What to produce: Starting with the first line, output the data exactly through to the end.
──────── Input data ────────
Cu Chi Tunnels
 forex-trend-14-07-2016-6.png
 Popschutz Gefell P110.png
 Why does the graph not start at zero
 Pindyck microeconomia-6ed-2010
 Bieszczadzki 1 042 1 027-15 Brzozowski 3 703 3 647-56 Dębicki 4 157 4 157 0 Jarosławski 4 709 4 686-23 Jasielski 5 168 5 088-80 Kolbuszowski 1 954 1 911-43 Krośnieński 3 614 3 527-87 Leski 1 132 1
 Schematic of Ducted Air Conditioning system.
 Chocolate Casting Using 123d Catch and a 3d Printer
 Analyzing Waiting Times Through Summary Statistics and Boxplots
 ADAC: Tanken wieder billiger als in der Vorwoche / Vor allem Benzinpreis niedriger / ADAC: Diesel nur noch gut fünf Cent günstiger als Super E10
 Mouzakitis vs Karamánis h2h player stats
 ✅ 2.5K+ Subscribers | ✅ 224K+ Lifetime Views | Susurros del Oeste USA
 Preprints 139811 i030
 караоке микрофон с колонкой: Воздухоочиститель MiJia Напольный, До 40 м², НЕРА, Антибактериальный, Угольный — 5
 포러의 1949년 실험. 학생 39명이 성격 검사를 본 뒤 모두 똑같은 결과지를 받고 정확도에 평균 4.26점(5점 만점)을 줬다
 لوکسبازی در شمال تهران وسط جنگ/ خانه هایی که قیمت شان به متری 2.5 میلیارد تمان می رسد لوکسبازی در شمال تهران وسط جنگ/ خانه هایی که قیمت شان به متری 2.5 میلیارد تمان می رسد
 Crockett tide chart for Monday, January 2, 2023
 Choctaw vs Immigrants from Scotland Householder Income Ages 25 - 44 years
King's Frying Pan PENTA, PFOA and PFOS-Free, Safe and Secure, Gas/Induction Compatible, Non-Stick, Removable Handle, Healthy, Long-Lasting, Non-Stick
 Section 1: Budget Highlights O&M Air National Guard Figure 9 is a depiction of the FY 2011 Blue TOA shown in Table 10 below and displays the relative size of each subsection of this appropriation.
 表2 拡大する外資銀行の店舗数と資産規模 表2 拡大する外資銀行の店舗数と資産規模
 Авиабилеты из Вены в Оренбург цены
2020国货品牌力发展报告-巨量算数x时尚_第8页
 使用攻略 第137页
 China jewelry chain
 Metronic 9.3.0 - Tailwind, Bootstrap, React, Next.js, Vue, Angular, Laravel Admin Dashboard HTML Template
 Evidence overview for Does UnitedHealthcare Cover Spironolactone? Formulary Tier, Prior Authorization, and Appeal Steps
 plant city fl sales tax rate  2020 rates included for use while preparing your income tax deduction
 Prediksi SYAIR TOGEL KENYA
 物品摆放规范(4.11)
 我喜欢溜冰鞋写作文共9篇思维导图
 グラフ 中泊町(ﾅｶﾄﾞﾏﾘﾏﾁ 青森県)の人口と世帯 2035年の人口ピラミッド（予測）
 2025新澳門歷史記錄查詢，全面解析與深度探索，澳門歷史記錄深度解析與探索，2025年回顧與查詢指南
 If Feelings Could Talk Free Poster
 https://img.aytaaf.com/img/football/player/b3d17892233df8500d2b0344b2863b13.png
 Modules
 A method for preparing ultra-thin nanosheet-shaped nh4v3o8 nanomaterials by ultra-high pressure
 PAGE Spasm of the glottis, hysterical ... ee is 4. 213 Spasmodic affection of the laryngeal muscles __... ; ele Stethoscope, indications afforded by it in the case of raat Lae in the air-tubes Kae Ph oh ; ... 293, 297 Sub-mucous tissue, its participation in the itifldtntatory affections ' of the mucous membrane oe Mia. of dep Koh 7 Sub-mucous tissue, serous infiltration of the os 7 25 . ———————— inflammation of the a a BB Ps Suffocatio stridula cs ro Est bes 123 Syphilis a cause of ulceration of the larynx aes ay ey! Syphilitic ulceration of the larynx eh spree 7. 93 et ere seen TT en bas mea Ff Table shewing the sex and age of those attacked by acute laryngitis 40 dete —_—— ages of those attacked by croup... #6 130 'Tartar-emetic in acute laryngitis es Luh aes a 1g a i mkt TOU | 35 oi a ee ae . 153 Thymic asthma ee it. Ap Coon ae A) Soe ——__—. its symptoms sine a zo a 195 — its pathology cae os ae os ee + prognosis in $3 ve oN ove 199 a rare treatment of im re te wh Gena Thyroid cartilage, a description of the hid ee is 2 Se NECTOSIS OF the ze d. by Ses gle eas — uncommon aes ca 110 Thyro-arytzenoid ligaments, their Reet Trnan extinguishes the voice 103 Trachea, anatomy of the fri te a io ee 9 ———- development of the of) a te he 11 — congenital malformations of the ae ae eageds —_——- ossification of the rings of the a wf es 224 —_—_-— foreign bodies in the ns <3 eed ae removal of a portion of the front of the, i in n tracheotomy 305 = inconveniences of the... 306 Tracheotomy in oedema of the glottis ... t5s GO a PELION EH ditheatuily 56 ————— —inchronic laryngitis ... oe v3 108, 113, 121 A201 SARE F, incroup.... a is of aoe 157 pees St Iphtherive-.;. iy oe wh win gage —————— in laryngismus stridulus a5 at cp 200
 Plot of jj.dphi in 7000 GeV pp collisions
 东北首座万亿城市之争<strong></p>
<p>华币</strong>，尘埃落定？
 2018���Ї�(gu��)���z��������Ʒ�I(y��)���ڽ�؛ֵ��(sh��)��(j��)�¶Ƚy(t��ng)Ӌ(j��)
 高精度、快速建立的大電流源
────────
Task response:
Cu Chi Tunnels
 forex-trend-14-07-2016-6.png
 Popschutz Gefell P110.png
 Why does the graph not start at zero
 Pindyck microeconomia-6ed-2010
 Bieszczadzki 1 042 1 027-15 Brzozowski 3 703 3 647-56 Dębicki 4 157 4 157 0 Jarosławski 4 709 4 686-23 Jasielski 5 168 5 088-80 Kolbuszowski 1 954 1 911-43 Krośnieński 3 614 3 527-87 Leski 1 132 1
 Schematic of Ducted Air Conditioning system.
 Chocolate Casting Using 123d Catch and a 3d Printer
 Analyzing Waiting Times Through Summary Statistics and Boxplots
 ADAC: Tanken wieder billiger als in der Vorwoche / Vor allem Benzinpreis niedriger / ADAC: Diesel nur noch gut fünf Cent günstiger als Super E10
 Mouzakitis vs Karamánis h2h player stats
 ✅ 2.5K+ Subscribers | ✅ 224K+ Lifetime Views | Susurros del Oeste USA
 Preprints 139811 i030
 караоке микрофон с колонкой: Воздухоочиститель MiJia Напольный, До 40 м², НЕРА, Антибактериальный, Угольный — 5
 포러의 1949년 실험. 학생 39명이 성격 검사를 본 뒤 모두 똑같은 결과지를 받고 정확도에 평균 4.26점(5점 만점)을 줬다
 لوکسبازی در شمال تهران وسط جنگ/ خانه هایی که قیمت شان به متری 2.5 میلیارد تمان می رسد لوکسبازی در شمال تهران وسط جنگ/ خانه هایی که قیمت شان به متری 2.5 میلیارد تمان می رسد
 Crockett tide chart for Monday, January 2, 2023
 Choctaw vs Immigrants from Scotland Householder Income Ages 25 - 44 years
King's Frying Pan PENTA, PFOA and PFOS-Free, Safe and Secure, Gas/Induction Compatible, Non-Stick, Removable Handle, Healthy, Long-Lasting, Non-Stick
 Section 1: Budget Highlights O&M Air National Guard Figure 9 is a depiction of the FY 2011 Blue TOA shown in Table 10 below and displays the relative size of each subsection of this appropriation.
 表2 拡大する外資銀行の店舗数と資産規模 表2 拡大する外資銀行の店舗数と資産規模
 Авиабилеты из Вены в Оренбург цены
2020国货品牌力发展报告-巨量算数x时尚_第8页
 使用攻略 第137页
 China jewelry chain
 Metronic 9.3.0 - Tailwind, Bootstrap, React, Next.js, Vue, Angular, Laravel Admin Dashboard HTML Template
 Evidence overview for Does UnitedHealthcare Cover Spironolactone? Formulary Tier, Prior Authorization, and Appeal Steps
 plant city fl sales tax rate  2020 rates included for use while preparing your income tax deduction
 Prediksi SYAIR TOGEL KENYA
 物品摆放规范(4.11)
 我喜欢溜冰鞋写作文共9篇思维导图
 グラフ 中泊町(ﾅｶﾄﾞﾏﾘﾏﾁ 青森県)の人口と世帯 2035年の人口ピラミッド（予測）
 2025新澳門歷史記錄查詢，全面解析與深度探索，澳門歷史記錄深度解析與探索，2025年回顧與查詢指南
 If Feelings Could Talk Free Poster
 https://img.aytaaf.com/img/football/player/b3d17892233df8500d2b0344b2863b13.png
 Modules
 A method for preparing ultra-thin nanosheet-shaped nh4v3o8 nanomaterials by ultra-high pressure
 PAGE Spasm of the glottis, hysterical ... ee is 4. 213 Spasmodic affection of the laryngeal muscles __... ; ele Stethoscope, indications afforded by it in the case of raat Lae in the air-tubes Kae Ph oh ; ... 293, 297 Sub-mucous tissue, its participation in the itifldtntatory affections ' of the mucous membrane oe Mia. of dep Koh 7 Sub-mucous tissue, serous infiltration of the os 7 25 . ———————— inflammation of the a a BB Ps Suffocatio stridula cs ro Est bes 123 Syphilis a cause of ulceration of the larynx aes ay ey! Syphilitic ulceration of the larynx eh spree 7. 93 et ere seen TT en bas mea Ff Table shewing the sex and age of those attacked by acute laryngitis 40 dete —_—— ages of those attacked by croup... #6 130 'Tartar-emetic in acute laryngitis es Luh aes a 1g a i mkt TOU | 35 oi a ee ae . 153 Thymic asthma ee it. Ap Coon ae A) Soe ——__—. its symptoms sine a zo a 195 — its pathology cae os ae os ee + prognosis in $3 ve oN ove 199 a rare treatment of im re te wh Gena Thyroid cartilage, a description of the hid ee is 2 Se NECTOSIS OF the ze d. by Ses gle eas — uncommon aes ca 110 Thyro-arytzenoid ligaments, their Reet Trnan extinguishes the voice 103 Trachea, anatomy of the fri te a io ee 9 ———- development of the of) a te he 11 — congenital malformations of the ae ae eageds —_——- ossification of the rings of the a wf es 224 —_—_-— foreign bodies in the ns <3 eed ae removal of a portion of the front of the, i in n tracheotomy 305 = inconveniences of the... 306 Tracheotomy in oedema of the glottis ... t5s GO a PELION EH ditheatuily 56 ————— —inchronic laryngitis ... oe v3 108, 113, 121 A201 SARE F, incroup.... a is of aoe 157 pees St Iphtherive-.;. iy oe wh win gage —————— in laryngismus stridulus a5 at cp 200
 Plot of jj.dphi in 7000 GeV pp collisions
 东北首座万亿城市之争<strong></p>
<p>华币</strong>，尘埃落定？
 2018���Ї�(gu��)���z��������Ʒ�I(y��)���ڽ�؛ֵ��(sh��)��(j��)�¶Ƚy(t��ng)Ӌ(j��)
 高精度、快速建立的大電流源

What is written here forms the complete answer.